Written by Dr. Shinkai Hakimi for Sahar Education

There are people whose work moves quietly but leaves a deep, permanent imprint on the world. Mina Sharifi is one of those people. In a conversation that felt like both an interview and a gentle unfolding of truths, I learned more than just about her initiatives, I was reminded of what it means to lead with heart, humility, and unwavering dedication.

Mina didn’t set out to become an activist. Her path began with a springtime New Year’s celebration at an orphanage in Kabul. She described to me the vibrant joy of the girls dancing, laughing, free for a moment in time. But when the boys entered the room, the joy abruptly receded. The girls instinctively stepped back, relinquishing the space without hesitation. “The song wasn’t even over,” Mina said, but their time had already expired. That stark moment, the internalized misogyny, the relinquishing of space without question was the catalyst. From that flash of injustice, Sisters 4 Sisters was born.

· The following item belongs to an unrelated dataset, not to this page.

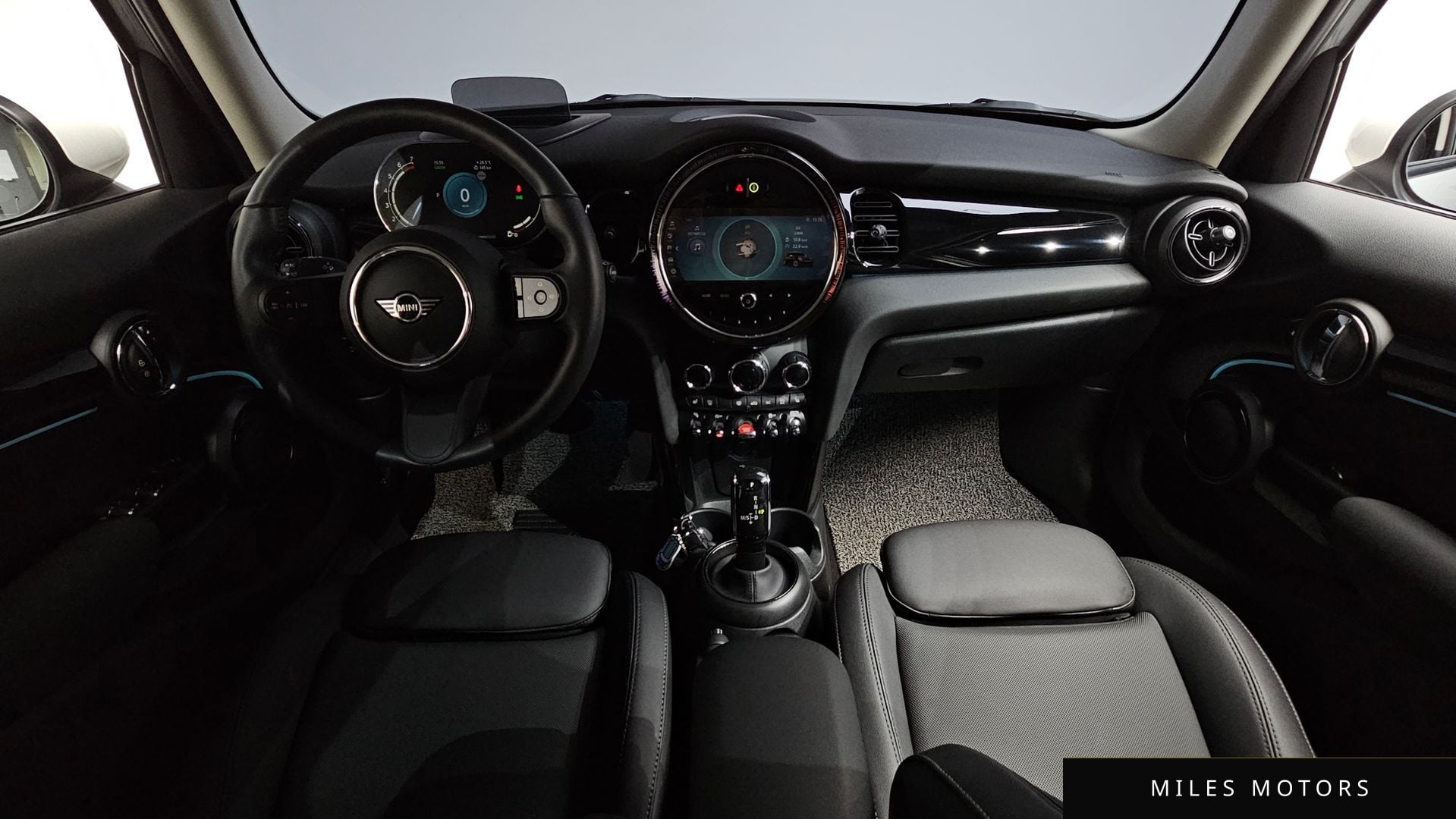 MINI Cooper 2024 — миниатюра 9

Millions of refugee children are missing out on an education. Without an opportunity to learn, they risk becoming a lost generation with little chance for a better future. Through sustainable programs, our Fellows are working to ensure refugees can learn and develop the skills they need to succeed in life.
— Sisters 4 Sisters

What struck me most is that Mina’s work is never for the community—it is with them. The girls designed the program alongside her. They owned it. They ran with it. Alumni became mentors, word spread through networks of trust, and a program initially created as a response to injustice transformed into a vehicle of empowerment and healing. In our work at SAHAR Education, where we also serve girls in Afghanistan through community-led programs, this philosophy deeply resonates. Mina’s approach is not top-down, it’s inside-out, grassroots, and deeply relational.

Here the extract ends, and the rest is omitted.